What's the difference between push and pull?¶
In a traditional pushing-environemnt the source code is compiled, assembled and packaged into deployable units. These units are activly deployed (i.e. pushed) to the server.
In opposite to this the pulling-environment doesn't need the package assembly steps. It just needs the trigger to "synchronize itself with the source repository". Now all changed sources can be easily determined (using the history feature of the SCM), downloaded and compiled. Then all modules that are affected of the changes are dropped and restarted (this works simalar to the hot-deploy mechanisms provided by modern web containers).

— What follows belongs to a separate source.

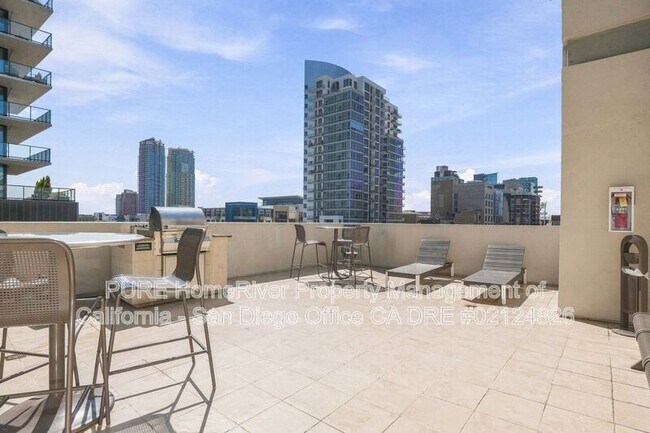 875 G St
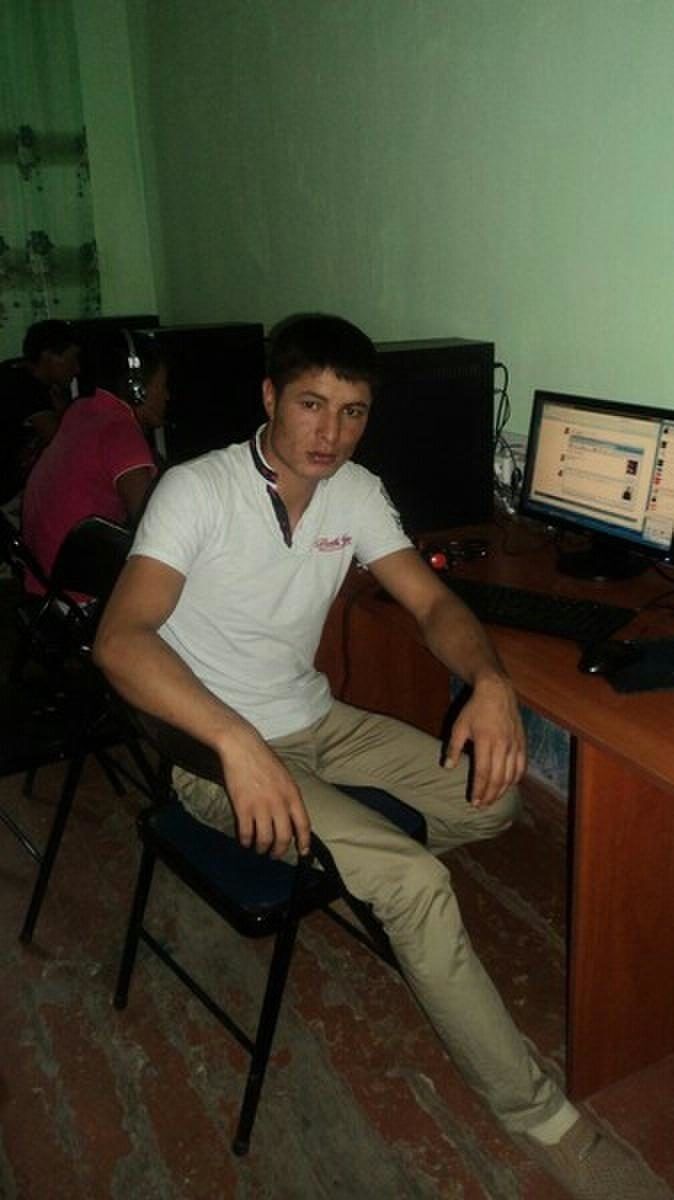  ,   Guljigit, 33 ,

What are the drwbacks of the push-approach?¶
Often the deployment of one artefact A requires the deployment of some artefacts B and C containing features required by A. Unfortunately the newest version of B also might need some changes provided by D and so one. The first problem is determine the transitive hull of all deployment units that one has to push onto the server. Once you found all deployables you might recognize that 90% of the changes you are about to deploy have nothing to do with the small feature that you are going to activate. Furthermore most of the deployables are not developed or maintained by you but by someone else. They might be a result of a nightly build or might be the result of a manually built. That means in order to activate your small feature you have to bring your system into a undefined state, you cannot tell what "version" your server has. The propability that the set of deployables contain one or more bugs is increasing with the number of deploy units and the burden of proof is on you to localize the bugs.
One thing you can observe is that developers start to isolate their systems against each other. They try to postpone updates from other colleagues or teams as long as possible. In the worest case everyone is working on a different solution. As a result the re-integration pain (that is the process of getting everyone on the same level again) can be tremendous.
Another problem with the push-approach occurs when updating large systems. You have to push all deployables to all machines.
All these problems above can be solved or improved using continuous integration tools like Hudson or distributed configuration management tools like Puppet. Even if these are great tools they can only ease the pain but they cannot solve the root problem which lies in the push-approach.
What are the benefits of the pull-approach?¶
In a pulling-environment the source repositories become an integral component of the system. The runtime knows the source code and has direct access to it. This requires that the source code has a certain structure so that the runtime can identify modules, web applications libraries, configuration files etc. But this is usually the case, because almost the same requirement is true when you work with IDEs like Eclipse.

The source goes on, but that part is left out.